巻頭言1999

病院統廃合、行政改革の波1999年)

 

政府の行政改革の一環として公立病院の統廃合が加速化されてきた。最も早くからその再編成計画が策定された国立病院・療養所については、昭和61年度当時の239施設から、統合によって40施設、民間移譲によって34施設計74施設を減らし、165施設にする計画であった。当初は、地元自治体等の理解を得る事に時間もかかり、移譲の引受先が見つからないなどで遅々として計画は進まなかったが、再編成計画公表以来の10年余を経て、その進捗は加速化され、平成10年度末までに26施設が減少した。当初、再編成計画の目的は「国立医療機関にふさわしい広域を対象とした高度叉は専門医療を担えるよう、機能の質的強化を図る」であったが、平成10年に再編成計画の見直しがなされ、「国の政策医療として行うこととされてきた医療について、真に国として担うべきものに特化するため、政策医療の範囲を純化する」と、明文化され、先駆的な医療や難治性疾病等に関する診断・治療技術等の機能強化を図る必要のある19分野を政策医療分野として指定した。兵庫県下においても平成9年10月に国立篠山病院が兵庫医大へ移譲され、平成1112月に国立明石病院岩屋分院が民間の聖隷淡路病院として再出発する。国立神戸病院と国立明石病院は神戸で統合され、国立加古川病院と共に民間移譲の方針が出されている。国立が最も信頼できる組織であると信じて働いてきた人々にとっては青天霹靂の状況が生まれてきているが、日本全国に蔓延していた「親方、日の丸」的な発想や行動を見直さざるを得ない時期になってきたと言えよう。

 行革の波は国立大学にも及び、今後約10年間をかけてすべての国立大学を独立行政法人にすることが決定された。国立大学が国家行政組織の一部にとどまる限り、文部大臣の広範な指揮監督権が及ぶため、大学の自主性・自律性と自己責任には自ら限界があることから、国立大学に独立した法人格を持たせることによってできる限り自らの権限と責任において大学運営をさせようという意向である。

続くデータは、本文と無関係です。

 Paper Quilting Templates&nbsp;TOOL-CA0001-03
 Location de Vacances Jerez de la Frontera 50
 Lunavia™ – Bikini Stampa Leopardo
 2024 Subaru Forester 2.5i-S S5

法人化された場合には、教育研究組織について大学が主体的に決定、変更、改廃することが可能となり、教職員定員数も総定員法等の決定定員制度の対象外となるため各大学において機能的な教職員配置が可能となり、また給与が給与法等の適用の対象外となり各大学で給与の支給基準を定めることができるため教職員の業績等に応じた弾力的給与決定も可能、さらに国からの運営費交付金は使途の内訳を特定しないことによって予算執行上の制約がなくなり教育研究活動の実態に応じた弾力的な予算執行が可能になると唱われている。一方で、各大学の自主性、自律性が拡大すれば、それに伴い、各大学の運営責任も当然重くなりますよ、というかなりのプレッシャーも国はかけてきている。

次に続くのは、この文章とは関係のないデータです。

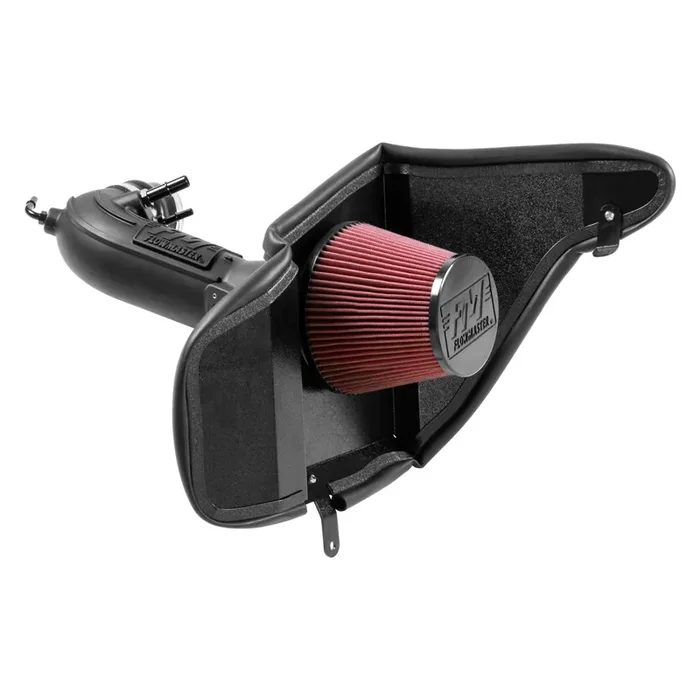 Flowmaster Performance Air Intake – Delta Force – 15-17 Mustang 5.0L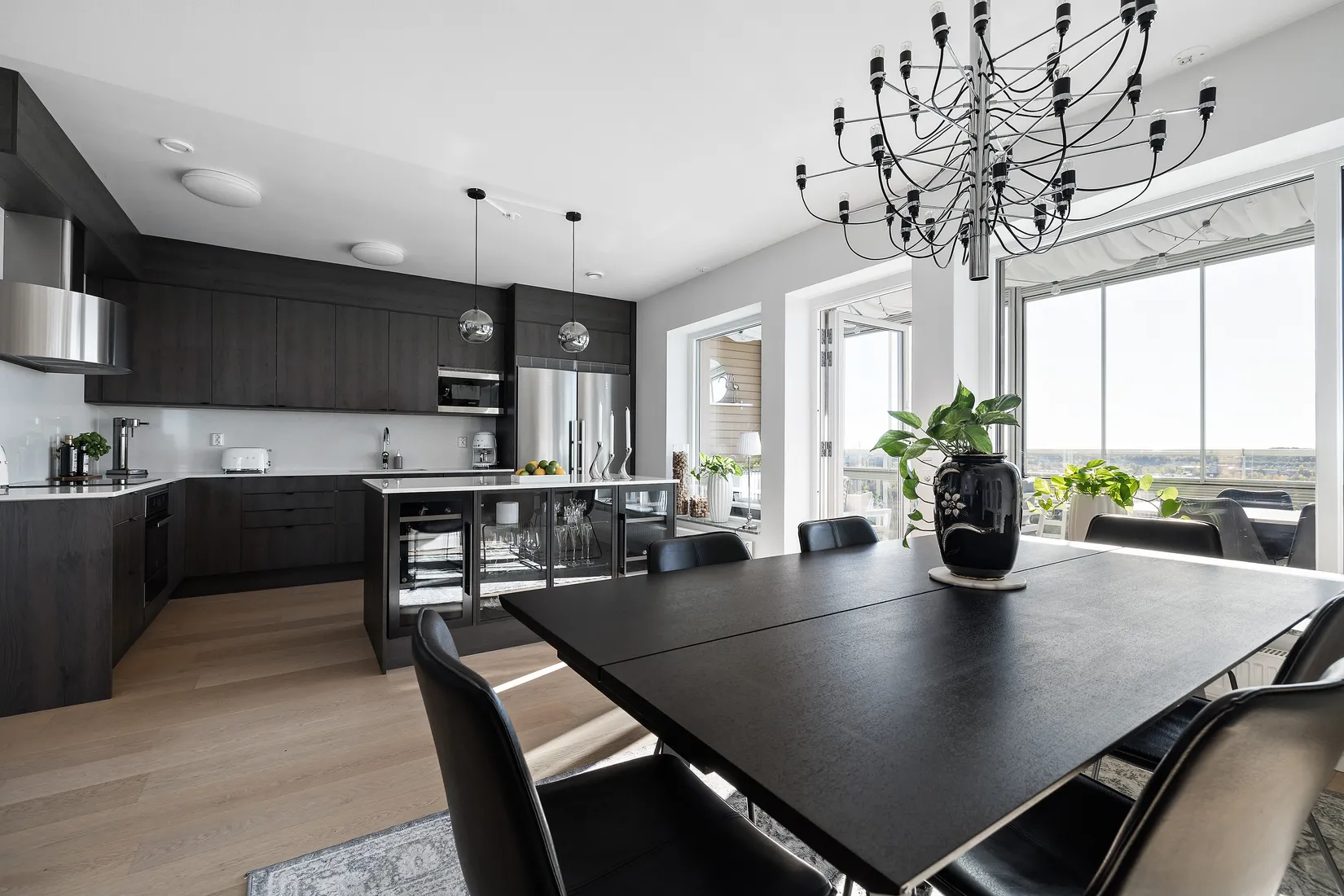Bostadsrätt, Kompanivägen 23, Kronan, Luleå
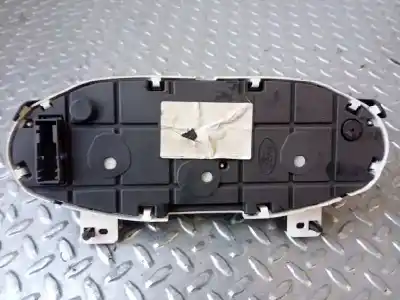 Peça sobressalente para automóvel em segunda mão quadrante por ford fiesta (cb1) trend referências oem iam 8a6t10849cm  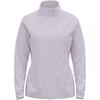 Odlo Womens/Ladies Brensholmen High-Neck Soft Shell Jacket
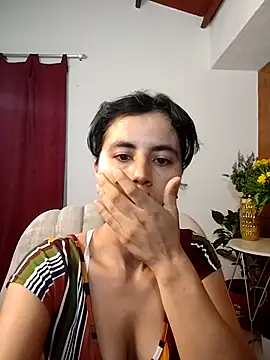 kanela3434 online show from 10-31-25, 11:17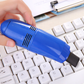 Micro Vacuum Cleaner Mini Laptop Handheld Cleaning Brush Usb Wiring Keyboard Dusting Brush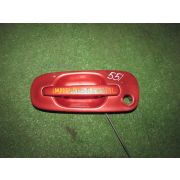 Ручка двери Subaru IMPREZA GDA EJ205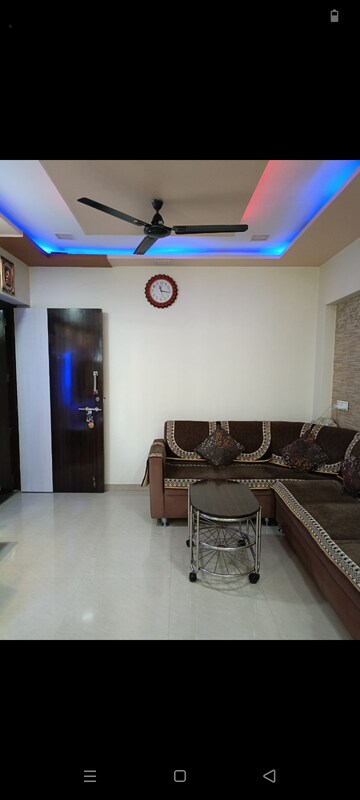Team Area in 3 BHK Apartment at Tarangan Towers, Samata Nagar – for Sale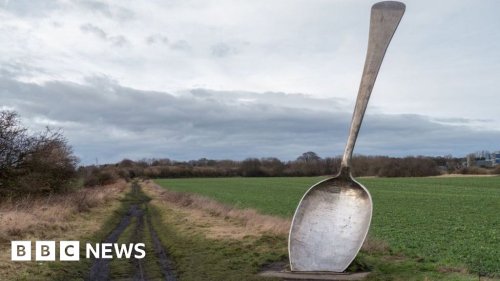 Thousands of public sculptures put online for first time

 しかし、教育の現場に居る者からすれば、学術や教育といった非生産的ではあるが日本の将来に大きく影響を与えうる領域への投資が欧米諸国にくらべて著しく低い我国の状況を鑑みる時、独立行政法人化は独立採算性をそれぞれの大学に結果として押しつけることになり、我国の将来にとってもっとも重要な部分にしわ寄せがいくのではないかという懸念を捨てきれない。大学に対する十分な公的資金の投入があって始めて国が期待するような大学の個性的な発展が望めるのであるが、そのような資金が十分にこない場合も想定して財政的な基盤の充実のために神戸大学も全学部を挙げて積極的な努力を払うことが必要であろう。欧米の超一流といわれる多くの大学が、永年にわたって築きあげた巨額の基金によって安定した活発な教育研究活動を展開していることは広く知られている。

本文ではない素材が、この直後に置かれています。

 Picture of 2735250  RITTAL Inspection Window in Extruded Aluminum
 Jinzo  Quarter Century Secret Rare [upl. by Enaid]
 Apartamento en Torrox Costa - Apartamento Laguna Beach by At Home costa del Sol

 「親方、日の丸」的な考えや会社への永久就職という雇用形態が否定された現在、個々人から組織まで、生き残りをかけて競争を強いられる、考え方によっては、多くのチャンスに恵まれた時代、しかし反面なかなか安定感を得られない不安な時代に突入したと言える。同門の方々もお互いにアイデアを交換しながら、持ちつ持たれつの関係を維持しながら、それぞれ置かれた状況で切磋琢磨して夢を実現して頂きたいと願うところである。